PITTSBORO — Frankie Jones used to glance up at the courthouse steeple’s clock every day to check the time.

Now, like scores of Pittsboro residents and business owners, she misses the presence of their town’s centerpiece. The Chatham County Courthouse was severely damaged in a fire late last month.

“I have looked at that clock 99,000 times as I was driving in and out of town,” said Jones, a waitress at Virlie’s Grill who first visited the historic building on a middle school field trip. “So every time I look up, it startles me that the clock’s not there.”

To the town’s residents, the courthouse was more than a legal center. It was a childhood memory, an inspiration, a comforting symbol of home. And now that it is gone, they are reflecting for the first time upon what it meant.

Every time Nan Baldauf, a 32-year resident of Chatham County, returned home from out of town, she anticipated the sight of that courthouse steeple.

“When you’re coming from anywhere, that’s the first thing you see when you come home,” said Baldauf, the manager of Second Bloom Thrift Boutique.

“You see the courthouse, especially the steeple. Now that that’s gone, I really miss it.”

Many artists and photographers visited Pittsboro to create artwork with the image of the courthouse, Jones said.

“Much like the Cape Hatteras Lighthouse and some of the other iconic symbols of the state, the Chatham County Courthouse was the main symbol of the county and Pittsboro,” said Tommy Edwards, owner of Red Gate Music, Art & Antiques.

Edwards attended a series of lectures sponsored by a historical association at the courthouse and played with his band, The Bluegrass Experience, at political gatherings in the courtroom, he said.

“A building like that has so many various meanings to so many different people,” Edwards said. “It might be where you got your marriage license or where you looked at the plan of your new home or something like that.”

The fire also impacted the younger generation of Pittsboro.

“It’s amazing. I can get on Facebook and see all these people who have got default pictures of the courthouse before it burned down,” said 21-year-old Travis Squires, who wrote a report on the courthouse in the eighth grade.

Last Saturday, several bands from the town performed downtown at a festival, called Pittsboro Rising, to honor the city and county officials as well as emergency workers who responded to the courthouse fire. Attendees were encouraged to visit downtown shops and restaurants.

“It was our way of saying, ‘We’re not done yet. We’re going to make it,’” Edwards said.

Business owners who relied on the courthouse for drawing tourists are still holding their breath for things to pick up again. The traffic circle around the courthouse in the center of town still hasn’t reopened.

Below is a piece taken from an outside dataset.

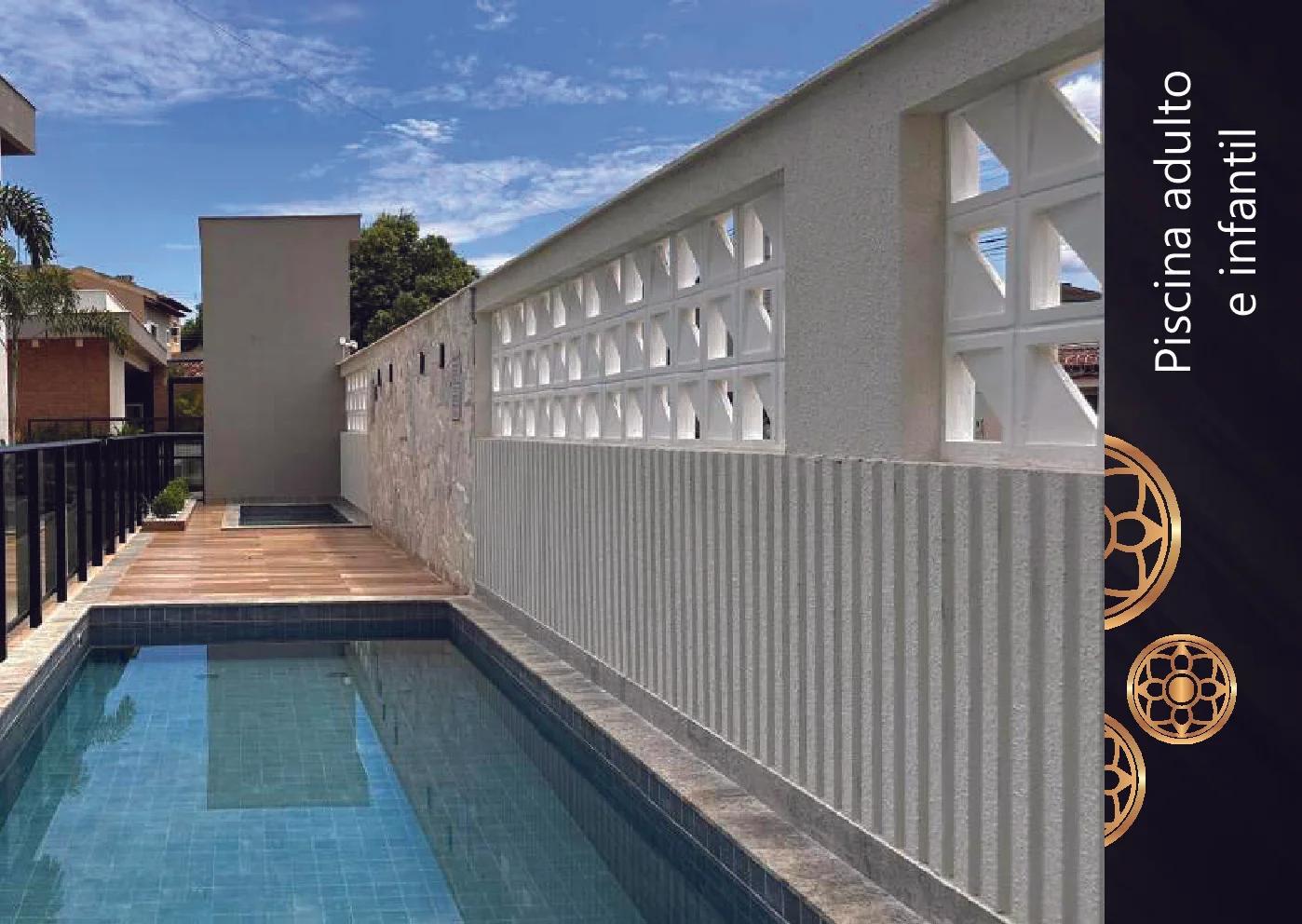 Piscina infantil junto ao playground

The proximity of the restaurant to the courthouse was a significant factor when Chris Pratt, the owner of Virlie’s Grill, decided to buy a restaurant on Hillsboro Street, he said.

“A lot of people who came to town took the time to go visit it, walk around it and, of course, some of those people ate with us,” he said. “We took it for granted — being right here in the shade of it.”

Downtown shops and restaurants were, by and large, spared from permanent damage.

“Other than the smoky smell which lasted a couple days, we didn’t have any damage other than a couple hundred dollars worth of cleaning labor and the loss of a Thursday night, which is a big night for us,” Pratt said.

But the logistical difficulties the fire has caused are still impacting business.

Restaurants might lose money without the lunchtime traffic of courthouse employees, Edwards said.

James Henry Shook, the owner of J. Henry Paint & Hardware, has noticed less traffic coming from north of Pittsboro, particularly from Chapel Hill. That means fewer customers.

“It’s just another inconvenience,” Shook said. “It may encourage them to stop a little further north.”

Town residents are hopeful that the county commissioners will uphold their promise to rebuild the courthouse, Jones said.

But so far, there’s no timeline for that.

“Rebuilding it is going to be the best bet,” she said. “I think it will continue to stand. I mean, it’s stood for over 100 years.”